New Delhi, September 10 (IANS): There is a critical and significant forward movement in Naga peace talks. Representatives and officials of the Central government recently visited the northeast, including Guwahati and Shillong, and the stalled talks between the NSCN-IM and the Centre have been revived.
The Central team is now working on a new set of Formulation Papers which would include a new and old set of offers to facilitate inking of a final peace pact at the earliest.
The ball will soon be in the court of militant groups, including the NSCN-IM, whose raising of demands for a separate Naga flag and a constitution, had practically stalled the peace parleys since October 2019.
A top military commander from the group, which initiated ceasefire and peace talks in 1997, is involved in these crucial and final rounds of discussions.
The Centre is more than keen and is already running the “extra mile” to achieve the destination of peace, solution and development for Nagas.
“Elections or no elections, focus is on the Formulation Papers. It’s refreshing…,” a source claimed.
Nagaland is inching ahead towards the next Assembly elections by February-March 2023 along with two other northeastern states of Tripura and Meghalaya.
While the BJP heads a coalition regime with a tribal-based party in Tripura, it is a junior partner to regional parties NPP in Meghalaya and NDPP in Nagaland.
A delegation of Nagaland legislators and Ministers led by Chief Minister Neiphiu Rio is camping in Delhi to “push for expediting” the peace process and arriving at an early solution.
Rio and his delegation held a meeting with A.K. Mishra, the peace emissary on behalf of the Centre.
Sources are tightlipped on what transpired at the meeting between the Naga delegation and Mishra.

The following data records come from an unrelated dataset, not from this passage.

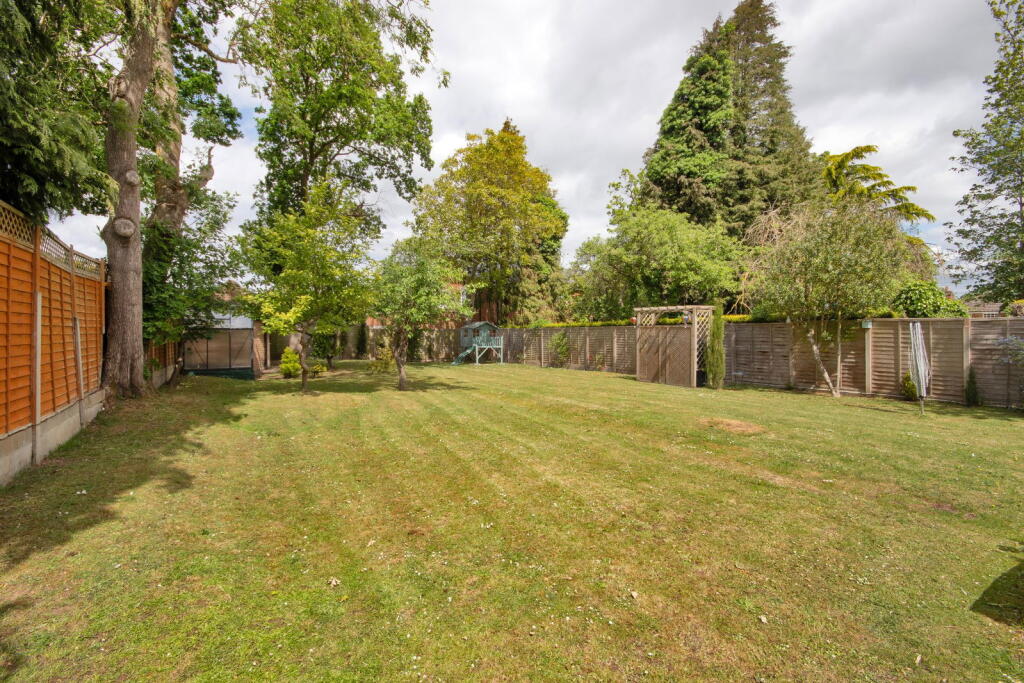 New Barn Road, Longfield, Kent, DA3 7LQ - View 5
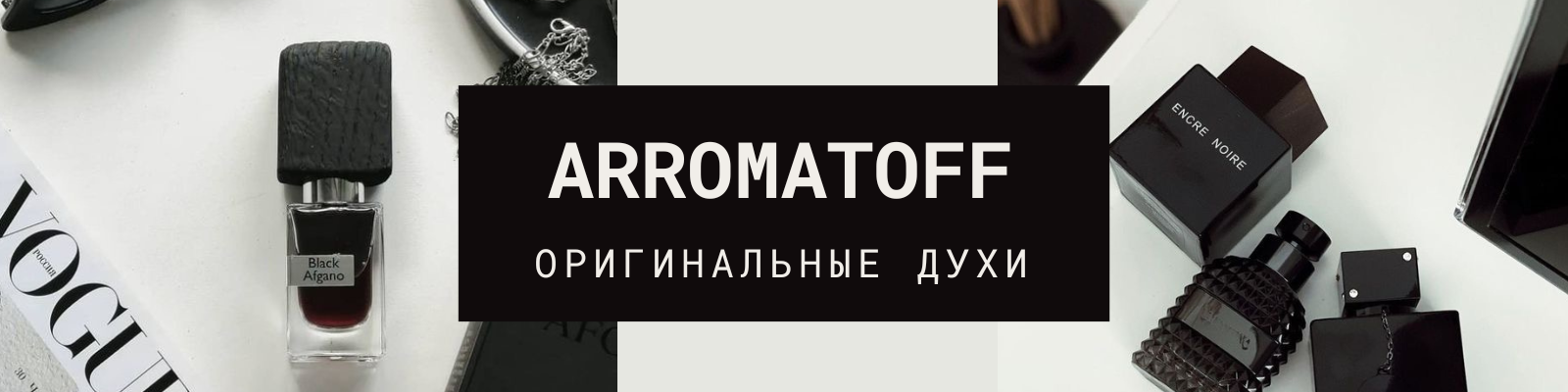 Заголовок 1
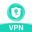 Storm Vpn-Best VPN proxy 1.3.3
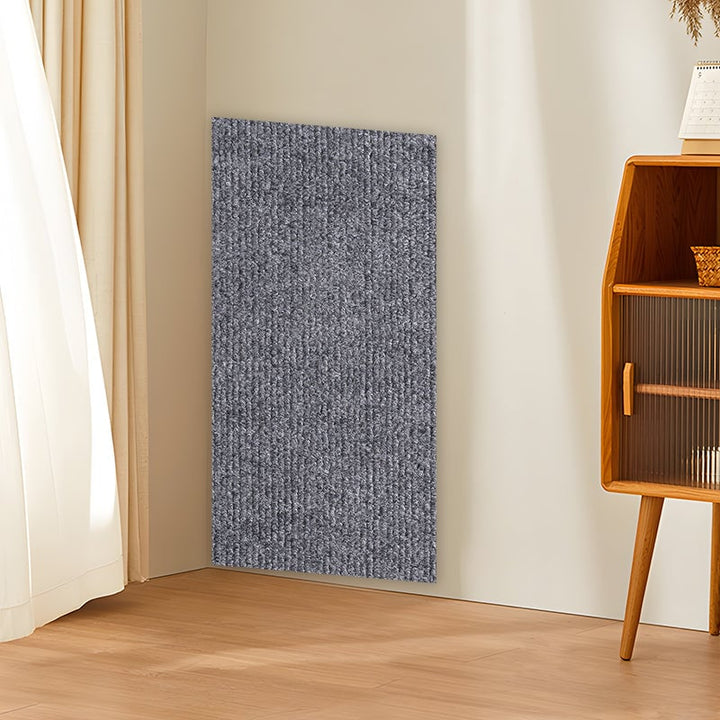 Lisslune | Cat Scratching Mat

“We know how to keep some secrets… In the national interest the secrets have been kept secret. However, there is no second opinion that every Naga of the state of Nagaland wants a final solution. They, however, complain about deliberate delay in peace parleys,” a source said.
In quite an interesting turn of events, one leader of Naga People’s Movement for Human Rights (NPMHR) has blamed the centre for delaying and almost derailing the peace process.

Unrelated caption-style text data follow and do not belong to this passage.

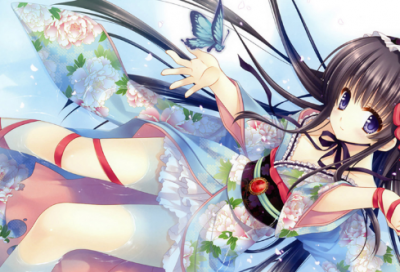 ​回乡偶书贺知章的意思（回乡偶书的赏析）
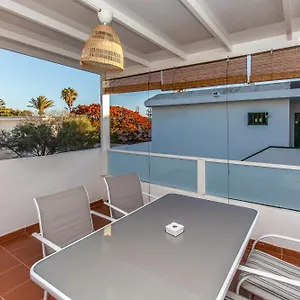 https://mayan.in-canary-islands.com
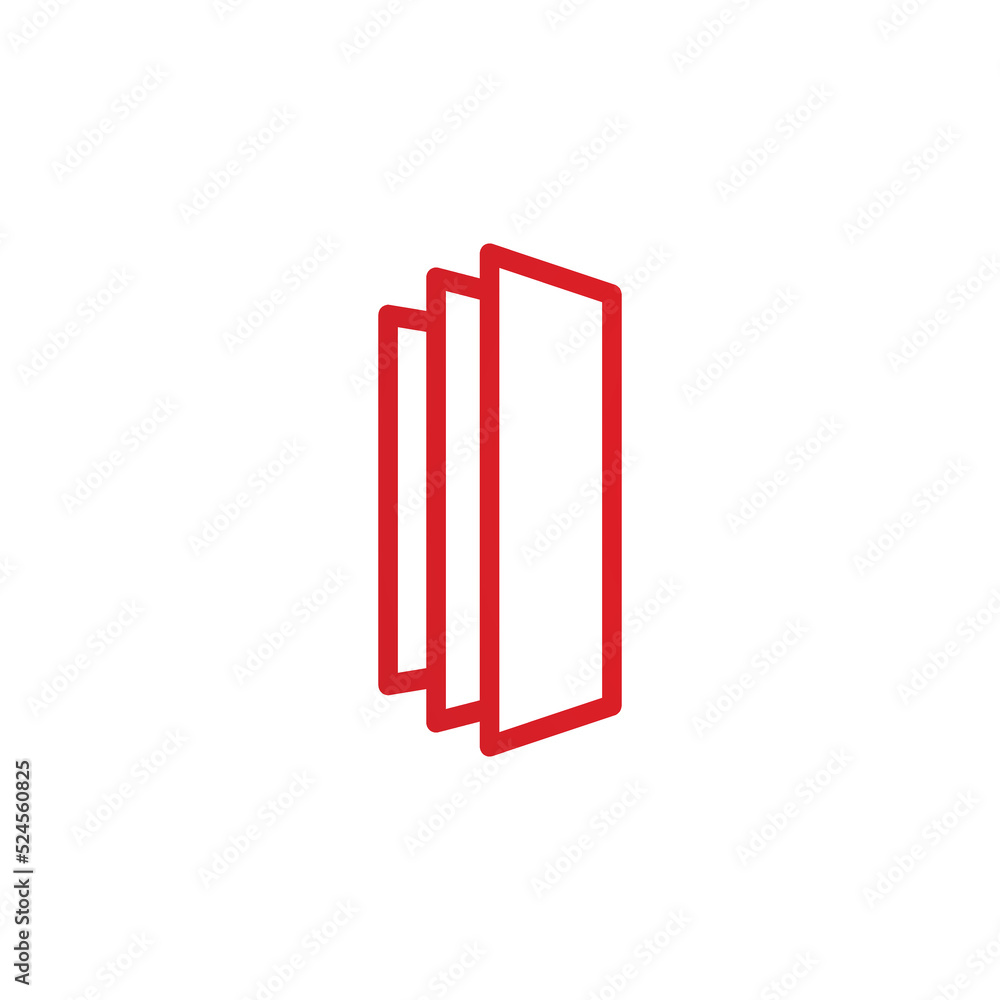 digital money logo, modern web bank logo digital money logo, modern web bank logo
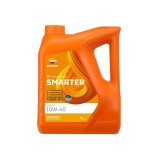 MBS Ulei Repsol Smarter Sport 4T 10W40 4L, Cod Produs: 004728
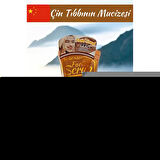 ModaCar WOKALI Yüz Peelingi Hindistan Cevizi Özlü Derin Gözenek Temizleyici Yüz Peeling Scrub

“As the Govt abrogated Article 370 and took away the Kashmir flag and constitution… A message went around deliberately or otherwise that no other state or region can have a separate Flag. Here comes the ‘Nagaland issue’ and thus this linking between Kashmir Policy and Naga issue was not a wise thing to do,” the NPMHR leader said.
The Centre has rejected the twin demands for the Naga constitution and the flag.
Nationalists among Naga leaders like S.C. Jamir, a former Governor to Maharashtra and Gujarat, told this journalist: “There is no need for another Constitution within the Indian Constitution.”
The 91-year-old Jamir, who has personally met PM Narendra Modi and Home Minister Amit Shah earlier this year says: “All issues have been discussed and finalised since 2019 and now we are only waiting for a solution.”
Reviving the peace talks between the Centre and the NSCN-IM is certainly a positive sign and it will expedite the peace process.
The NNPG, an umbrella organisation of seven militant groups, led by N. Kitovi Zhimomi is already keen on signing a peace pact.
This umbrella group maintains Peace and solution pact should get priorities as Nagas have suffered enough and are now longing for peace and development.
Jamir also insists further delay may not be good either for India’s security or for the Nagas too.
“Why should it be delayed in the final implementation? For how long will the people of Nagaland be taken for a ride? For how long will they be pawns in the hands of the political people, underground and other anti-social elements? How long will the people of Nagaland remain cut off from the rest of the nation?” he says.
“For how long the youth of Nagaland will rot in poverty and despair when their counterparts are leading a drastically different life in the rest of the country,” Jamir wrote in another and most recent article published in Nagaland newspapers on September 9.
The veteran leader, who has worked with all Indian Prime Ministers since 1947, further says: “The MLAs are morally obliged to step aside to ‘facilitate’ a solution — something they have pledged. But almost proving the old phrase, ‘Promises are made to be broken’, our legislators have not done it so far. They should do it at the earliest. This is the moment of history — to make sacrifices. Mr Chief Minister, are you ready for it?”